Discutimos no livro os fundamentos do liberalismo político, econômico, o neoliberalismo, qual é o papel do Estado, da sociedade, enfim, para onde deve mover a humanidade. Independentemente de suas posições políticas, um cientista, um acadêmico, precisa refletir do ponto de vista da realidade histórica com a qual está vivendo. Isso não se relaciona com a Bíblia. A Bíblia é algo religioso. Respeito as questões religiosas de cada um, mas não se pode analisar as transformações mundiais a partir de perspectiva bíblica, porque aí não se enxergam as transformações. A Bíblia diz respeito a uma crença transcendental, não se discute. Deus é Deus, está lá para quem acredita. Então, acho que o debate do ponto de vista dessa polarização sem fundamento, virou um sectarismo. É preciso ter clareza, lucidez, serenidade, para refletir sobre os problemas contemporâneos para se eleger os caminhos para uma sociedade melhor.

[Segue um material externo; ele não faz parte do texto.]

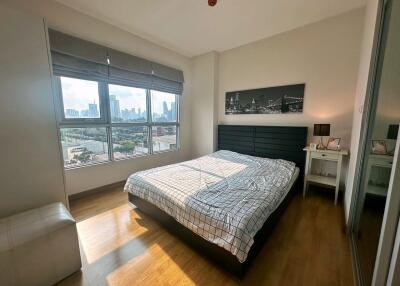 Sunlit bedroom with city view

Quando o senhor menciona a guerra comercial entre Estados Unidos e China, o Brasil em algum momento poderia se beneficiar dessa disputa?
Acho que poderia, porque o Brasil é, do ponto de vista de área geográfica, um dos maiores do mundo. O Brasil tem a quinta população mundial, tem uma situação social muito heterogênea, mas com várias coisas que avançaram muito. De modo que o Brasil precisa ser amigo de todos, mas não pode fazer uma aliança cega. Parece-me um equívoco, estaria comprometendo a autonomia e a liberdade do país. Então, temos de comercializar e ser amigos dos Estados Unidos e da China, construindo as opções de autonomia que podemos ter.

O senhor encerra o livro com um capítulo indagando sobre o futuro da humanidade. Qual é a sua visão, a humanidade tem futuro?
O livro é composto de 45 textos cursos e autônomos, que podem ser lidos de forma independente, num linguajar, numa abordagem, aberta, para todos. O que buscamos é uma sociedade melhor, independentemente de opções partidárias, há um desejo de busca de uma sociedade melhor. O que podemos aprender à luz da experiência contemporânea da China, das outras experiências históricas. Barreto fala muito sobre a experiência histórica do comunismo, do ponto de vista ontológico, o ser diante de tudo isso. E os meus textos discorrem um pouco o histórico do desenvolvimento econômico e os desafios contemporâneos, como se pode buscar a construção de uma sociedade melhor, os desafios que estão postos. Os textos levantam essas diferentes dimensões. Eu termino perguntando: quais os desafios da humanidade diante de tudo isso? Sou um otimista, quero continuar lutando pelas ideias que tenho e continuo acreditando que a humanidade vai continuar lutando para construir um mundo melhor, portanto, vai depender de cada um de nós. Razão pela qual nunca desisto de continuar lutando pelas causas em que acredito, embora não seja filiado a nenhum partido político. Fiz uma opção de vida de virar professor universitário e essa é a minha vida, tentar a ajudar a entender o mundo e ficar feliz nesta busca.